Sunday, April 10, 2011

The Seagate Grindith

My 3 year old computer has a 160 GB Seagate hard drive in it, that began making unpleasant grinding, whining noises, before I left on my last business trip.  I powered it down, and Dr Desert Flower didn't need it powered back on (since she has a nice MAC) while I was gone.  Upon my return, I booted up to hear the awful grrrrrinding sounds again.   I cut the power, disassembled, found a plethora of dust and cat hair had been drawn in (first time in over 2 years I had it apart..  Far Too Long between required maintenance... don't wait as long as I did).  I blew it out with clean compressed air, vacuumed up the residual dust (making sure not to GROUND the vacuum to the PC to avoid statically shocking it here in the low humidity desert) and with the cover off... the PC booted up quietly, peacefully, happily.  "OK" I thought, "Problem solved?".  Then I put the cover back on... and the awful sounds of mechanical death resumed.  It got to the point where the BIOS fatally told me that the Hard Disk "Could Not Be Found" and asked for a boot disk.  Ugh.

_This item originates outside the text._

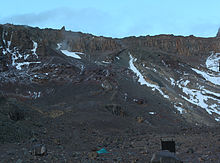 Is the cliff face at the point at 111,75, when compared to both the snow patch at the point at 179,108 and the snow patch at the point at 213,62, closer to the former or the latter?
the snow patch at the point at 179,108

Removing the cover, and taking out the 4 mounting screws for the hard drive, the PC once again purred quietly, and I hopefully, cautiously, booted it back up.  Viola, it started!  And has been running for hours, error free, quietly, just the sounds of the fans whirring.  But I know that 100% of all spinning hard drives have eventually failed.  It's just a matter of time.  So Dr Desert Flower and I went to our local Big Box store to look for a replacement drive.  1TB, $90.  2TB, $120. They didn't even offer a tiny 160 GB drive - smallest was a 320 GB for $49.  So I bought another Seagate SATA, the 1TB (since it also runs at 7200 rpm, just like the 160 GB does), and I'm going to try and install it as a 2nd hard drive, in the space right above the 160 GB.  I've got the power cords and ports for it, and I THINK the PC has got a serial connector.... we'll see how well it works.  This may be the last JustJoeP post for a while, if I screw it up.

2 comments:

  1. for work, religiously, yes. Before any flight or trip where I know the hard drive will be jostled.

    For the home desk top, less so... but now with Terabytes being so cheap, I will be more often.